The man who helped bring Adolf Eichmann to justice later resigned over controversial slaying of bus terrorists


The former director of the Shin Bet internal security organization Avraham Shalom died on Thursday at the age of 86. His funeral was scheduled for this coming Sunday

Shalom was born in Vienna in 1928 and his family moved to the British-mandated Palestine when he was 11 years old.

He took part in the 1948 War of Independence and after leaving the IDF joined the Shin Bet in 1950, where he rose to become director in 1980. He held the position until 1986 when he resigned amid the controversy over what became known as the Bus 300 Affair.

Shalom was a major figure in some of the most prominent operations carried out by the Shin Bet. He was deputy commander of the mission to seize Nazi war criminal Adolf Eichmann in 1960. Eichmann was captured in Argentina and brought back to Israel to face trial for his activities during the Holocaust.

His career, however, ended in controversy. On April 12, 1984, four Palestinian terrorists hijacked bus No. 300 traveling from Tel Aviv to Ashkelon and forced it to drive into the Gaza Strip, where it was eventually stopped by Israeli security forces.

The following day commandos stormed the bus, killing two of the terrorists and capturing two alive. All but one of the hostages were freed.

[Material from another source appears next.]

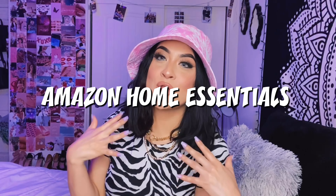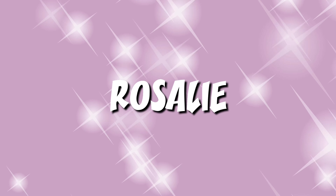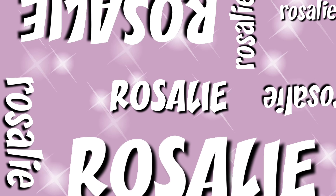Hey guys, it's Josely and for today's video I'm going to be doing my Amazon Home Essentials. I just wanted to show you guys some more of my Amazon favorites — I just got some new stuff for my room. I'm going to be redecorating my room in the next video, so stay tuned. I also filmed a video of how I made that collage, so definitely check that out. I wanted to show you guys all the cool things I got and just some home essentials that I've been loving right now, especially during quarantine.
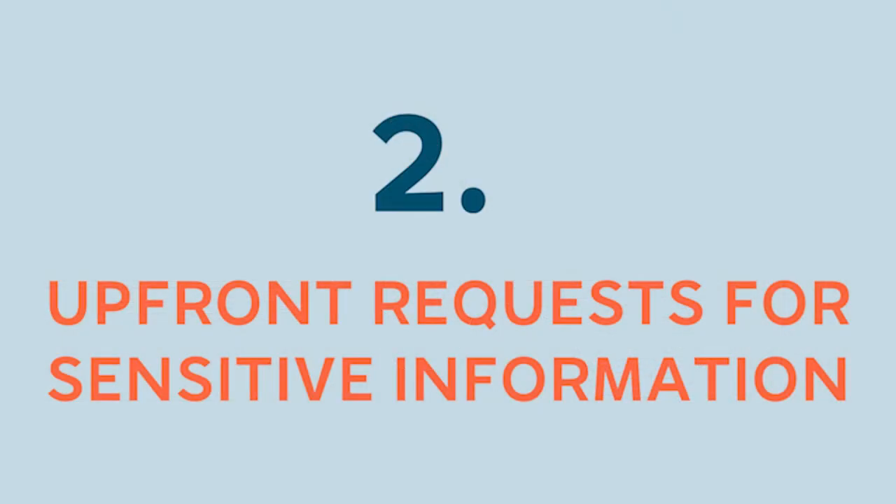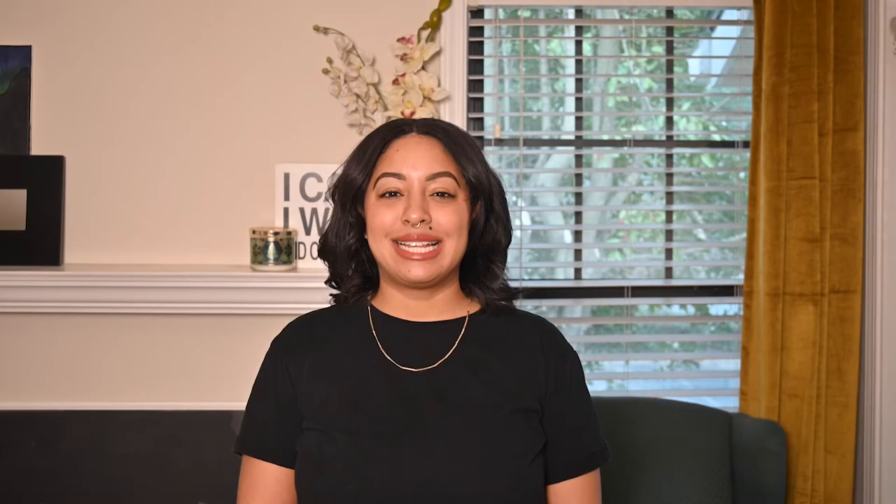Number 2: Upfront requests for sensitive information. Sensitive information, like your social security number, date of birth, or bank account information, should never be a part of the early recruitment process. Eventually your employer will need this information for taxes and benefits enrollment, but only after you have a written job offer, and sometimes not until your first day on the job. Real hiring managers want to examine your resume, not your driver's license. So be suspicious of any recruiter that's asking for personal information as part of your initial application.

Security forces initially reported that all of the terrorists were killed in the raid, but an inquiry was ordered after photographic evidence showed one of the hijackers being removed from the bus alive. The investigation found that two terrorists who were taken alive were later beaten and executed, but was unable to clarify exactly who had ordered the act.

After a lengthy investigation in which senior Shin Bet officials maintained their silence, increasing evidence pointed toward Shalom having ordered the killings. He resigned in 1986.